NO ha pasado ni medio siglo. Eran madrugadas de los años 80, todavía el siglo XX, la Semana Santa recuperada para el pueblo (o eso decían), tiempos de democracia en España. Esbeltos nazarenos, con sus cirios al cuadril, se situaban detrás del Señor. Al salir de la plaza de San Lorenzo comenzaba otra procesión. Eran mujeres de promesas imposibles. Aquellas mujeres prohibidas, a las que no se les permitía la penitencia de seguir al Señor detrás del paso. Él era también el Señor de nuestras abuelas. Quizá recordarían a sus antepasadas (en tiempos más difíciles, pero menos fiados a la burocracia del espíritu), a las que sí se permitió lo que después se prohibió.

Aquellas mujeres, con sus abrigos negros y su silencio, con el alma enlutada y la cabeza recubierta de bolsas de plástico, o de nada. Iban a una procesión como si fueran a un martirio. Iban con el ánimo entrenado para sufrir. Iban todos los años. Y quizás estarían dispuestas a ir hasta la muerte. Nadie las haría renunciar a una promesa.

El pelo recibiendo la cera, gota a gota. Chorrean los cirios de unos nazarenos imperturbables, o resignados a castigar la penitencia prohibida.

La indiferencia de la gente. O la sorpresa. O las palabras que advierten: “Esas mujeres están locas”.

Por las calles de Sevilla, en una madrugada de Viernes Santo, va el Señor con su cruz, con su túnica lisa al viento, con el andar decidido, con la mirada que parece errante (y sin embargo taladra nuestros ojos), con los relámpagos de los flashes, con el silencio que se adensa y nos perturba, con la certeza de que vemos al Hijo de Dios en el Gran Poder de ser un hombre. Es tan sólo un hombre que sufre, pero con la majestad de su imperio de misericordia infinita.

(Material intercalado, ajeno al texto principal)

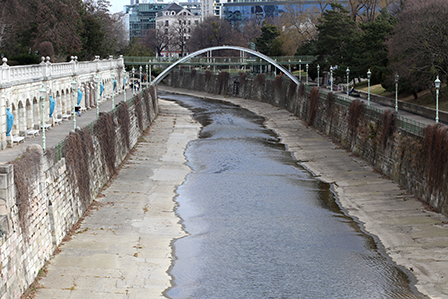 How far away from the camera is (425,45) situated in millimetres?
52031

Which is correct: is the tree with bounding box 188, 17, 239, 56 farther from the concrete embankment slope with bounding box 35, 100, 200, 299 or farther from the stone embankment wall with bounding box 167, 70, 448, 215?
the concrete embankment slope with bounding box 35, 100, 200, 299

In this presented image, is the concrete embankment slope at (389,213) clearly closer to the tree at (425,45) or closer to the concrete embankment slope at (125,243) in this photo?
the tree at (425,45)

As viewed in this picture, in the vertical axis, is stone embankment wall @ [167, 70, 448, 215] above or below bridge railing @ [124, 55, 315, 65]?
below

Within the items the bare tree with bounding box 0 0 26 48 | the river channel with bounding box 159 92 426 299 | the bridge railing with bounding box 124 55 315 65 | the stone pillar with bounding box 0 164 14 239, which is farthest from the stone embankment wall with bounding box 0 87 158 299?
the bridge railing with bounding box 124 55 315 65

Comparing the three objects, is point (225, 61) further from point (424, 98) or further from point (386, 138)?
point (386, 138)

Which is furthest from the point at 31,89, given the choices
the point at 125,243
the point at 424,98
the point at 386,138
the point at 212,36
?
the point at 212,36

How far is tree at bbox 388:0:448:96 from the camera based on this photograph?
169 feet

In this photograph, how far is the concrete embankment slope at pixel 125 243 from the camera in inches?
939

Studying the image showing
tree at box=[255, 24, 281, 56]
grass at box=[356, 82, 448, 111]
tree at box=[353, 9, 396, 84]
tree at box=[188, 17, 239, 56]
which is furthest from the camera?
tree at box=[188, 17, 239, 56]

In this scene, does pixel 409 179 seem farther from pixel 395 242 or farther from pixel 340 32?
pixel 340 32

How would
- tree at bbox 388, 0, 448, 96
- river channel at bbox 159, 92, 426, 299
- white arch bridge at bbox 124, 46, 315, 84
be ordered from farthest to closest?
white arch bridge at bbox 124, 46, 315, 84
tree at bbox 388, 0, 448, 96
river channel at bbox 159, 92, 426, 299

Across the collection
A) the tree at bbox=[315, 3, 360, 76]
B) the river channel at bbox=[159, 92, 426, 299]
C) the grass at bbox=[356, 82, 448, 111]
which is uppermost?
the tree at bbox=[315, 3, 360, 76]

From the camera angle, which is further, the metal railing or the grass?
the grass

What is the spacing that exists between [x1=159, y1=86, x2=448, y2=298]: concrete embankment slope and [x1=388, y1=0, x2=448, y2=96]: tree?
31.3ft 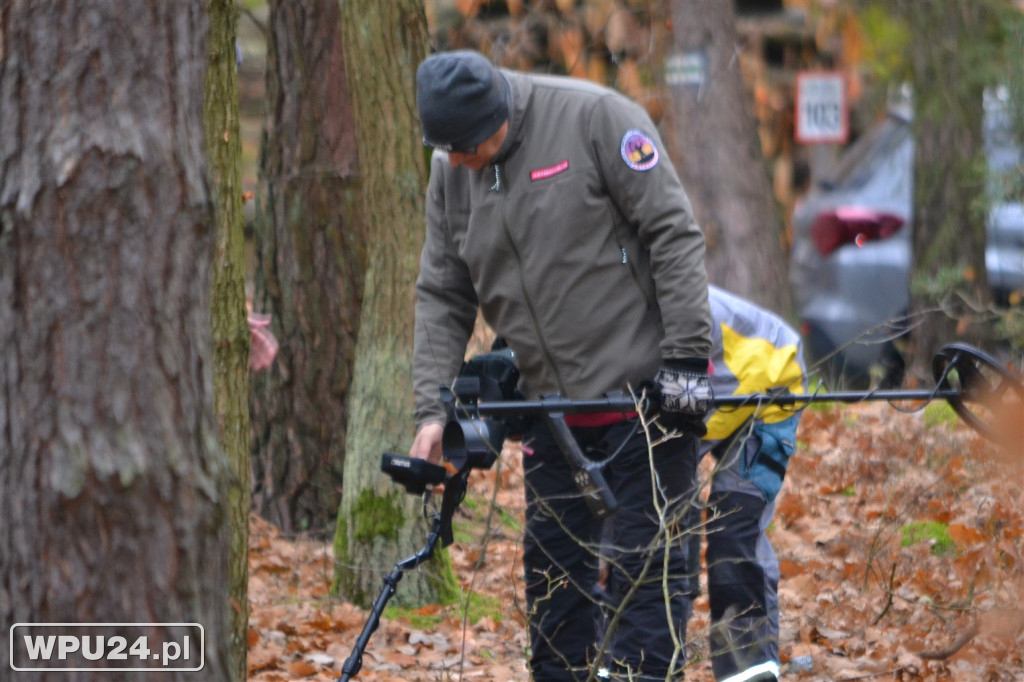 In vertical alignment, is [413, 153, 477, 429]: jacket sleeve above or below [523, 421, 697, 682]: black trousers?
above

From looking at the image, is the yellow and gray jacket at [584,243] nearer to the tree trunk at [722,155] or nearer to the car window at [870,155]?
the tree trunk at [722,155]

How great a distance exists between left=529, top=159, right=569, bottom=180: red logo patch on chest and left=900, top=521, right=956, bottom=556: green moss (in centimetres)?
291

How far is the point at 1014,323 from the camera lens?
7.23 meters

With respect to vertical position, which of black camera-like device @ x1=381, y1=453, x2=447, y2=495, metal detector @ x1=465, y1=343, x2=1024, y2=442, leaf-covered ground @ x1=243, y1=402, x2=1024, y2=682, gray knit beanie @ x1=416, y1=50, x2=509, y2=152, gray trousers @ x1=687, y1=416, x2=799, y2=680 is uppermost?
gray knit beanie @ x1=416, y1=50, x2=509, y2=152

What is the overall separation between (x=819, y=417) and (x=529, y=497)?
171 inches

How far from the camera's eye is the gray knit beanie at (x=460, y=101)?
3779 mm

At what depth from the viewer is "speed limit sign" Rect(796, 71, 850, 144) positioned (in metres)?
12.0

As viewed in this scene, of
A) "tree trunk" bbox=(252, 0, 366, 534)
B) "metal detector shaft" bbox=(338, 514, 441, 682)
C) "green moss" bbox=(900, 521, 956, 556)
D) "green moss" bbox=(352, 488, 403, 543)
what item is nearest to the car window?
"green moss" bbox=(900, 521, 956, 556)

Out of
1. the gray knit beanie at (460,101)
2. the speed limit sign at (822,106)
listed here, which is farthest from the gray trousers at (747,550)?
the speed limit sign at (822,106)

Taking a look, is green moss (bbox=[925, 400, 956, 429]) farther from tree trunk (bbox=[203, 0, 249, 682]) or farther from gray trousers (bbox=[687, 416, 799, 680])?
tree trunk (bbox=[203, 0, 249, 682])

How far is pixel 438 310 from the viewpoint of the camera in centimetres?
428

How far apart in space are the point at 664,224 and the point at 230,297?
4.35 ft

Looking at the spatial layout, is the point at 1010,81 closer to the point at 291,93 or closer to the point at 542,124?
the point at 291,93

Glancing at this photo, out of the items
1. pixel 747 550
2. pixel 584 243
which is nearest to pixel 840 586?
pixel 747 550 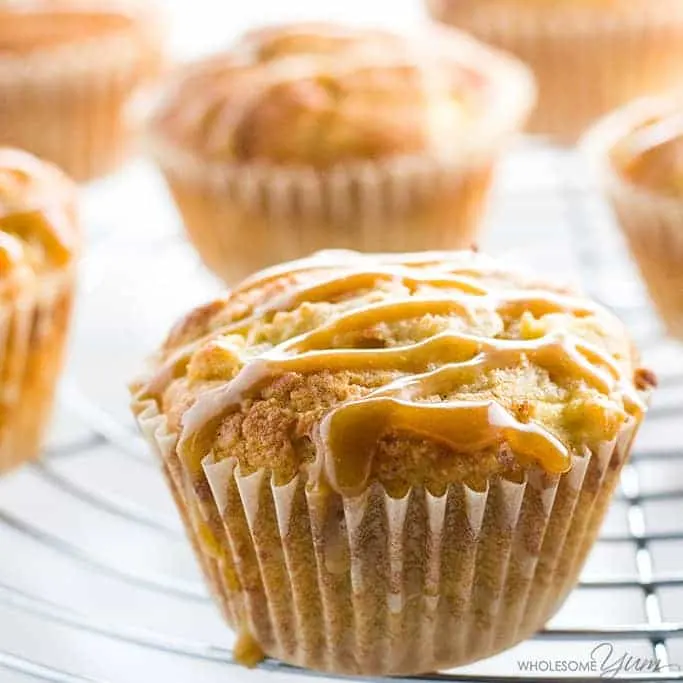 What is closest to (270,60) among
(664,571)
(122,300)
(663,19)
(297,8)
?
(122,300)

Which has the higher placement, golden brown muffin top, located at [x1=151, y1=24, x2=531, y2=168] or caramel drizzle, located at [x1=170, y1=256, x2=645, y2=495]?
caramel drizzle, located at [x1=170, y1=256, x2=645, y2=495]

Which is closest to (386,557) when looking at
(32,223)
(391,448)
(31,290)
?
(391,448)

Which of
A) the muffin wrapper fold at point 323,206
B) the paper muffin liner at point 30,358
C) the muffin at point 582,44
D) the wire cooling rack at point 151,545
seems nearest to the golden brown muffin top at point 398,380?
the wire cooling rack at point 151,545

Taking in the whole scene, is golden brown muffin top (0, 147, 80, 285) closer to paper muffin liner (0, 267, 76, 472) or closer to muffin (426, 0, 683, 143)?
paper muffin liner (0, 267, 76, 472)

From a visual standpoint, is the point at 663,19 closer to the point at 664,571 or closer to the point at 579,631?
the point at 664,571

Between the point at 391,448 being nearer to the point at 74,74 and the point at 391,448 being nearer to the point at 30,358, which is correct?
the point at 30,358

Seguirlo no es fácil. Seguirlo obliga a abrir el alma de par en par, para que entre su Divina Misericordia, mientras avanza con su zancada valiente, hasta que se desvanece entre las sombras, pero se nos queda dentro. Sabemos que su destino es un amanecer de vencejos en San Lorenzo, saetas que rasgarán el aire fresco, puertas que se cerrarán.

¿Y qué había detrás de cada promesa? Aquellas mujeres no salían para pasarlo bien, ni para disfrutar. Salían porque existió un mundo perdido o un sueño recuperado, detrás de cada una de sus oraciones.

Aquellas mujeres volvieron a sus casas, a sus problemas, a sus pequeños o grandes milagros. Con el pelo y los abrigos manchados de cera, con el sacrificio añadido de una penitencia injusta. Maltratadas porque querían seguir al Señor, verlo de cerca y encontrarse con El en la madrugada insoslayable, en aquellas calles de la Amargura sevillana.

Sólo con el transcurrir del tiempo, aquellas mujeres pudieron vestir una túnica negra de ruán y ajustarse el capirote. Entonces también lloró su cera en las calles de Sevilla, como unos años antes había llorado sobre ellas.

En su alma, sabían que aquella cera quemaba; dolía como si fueran las lágrimas del Señor.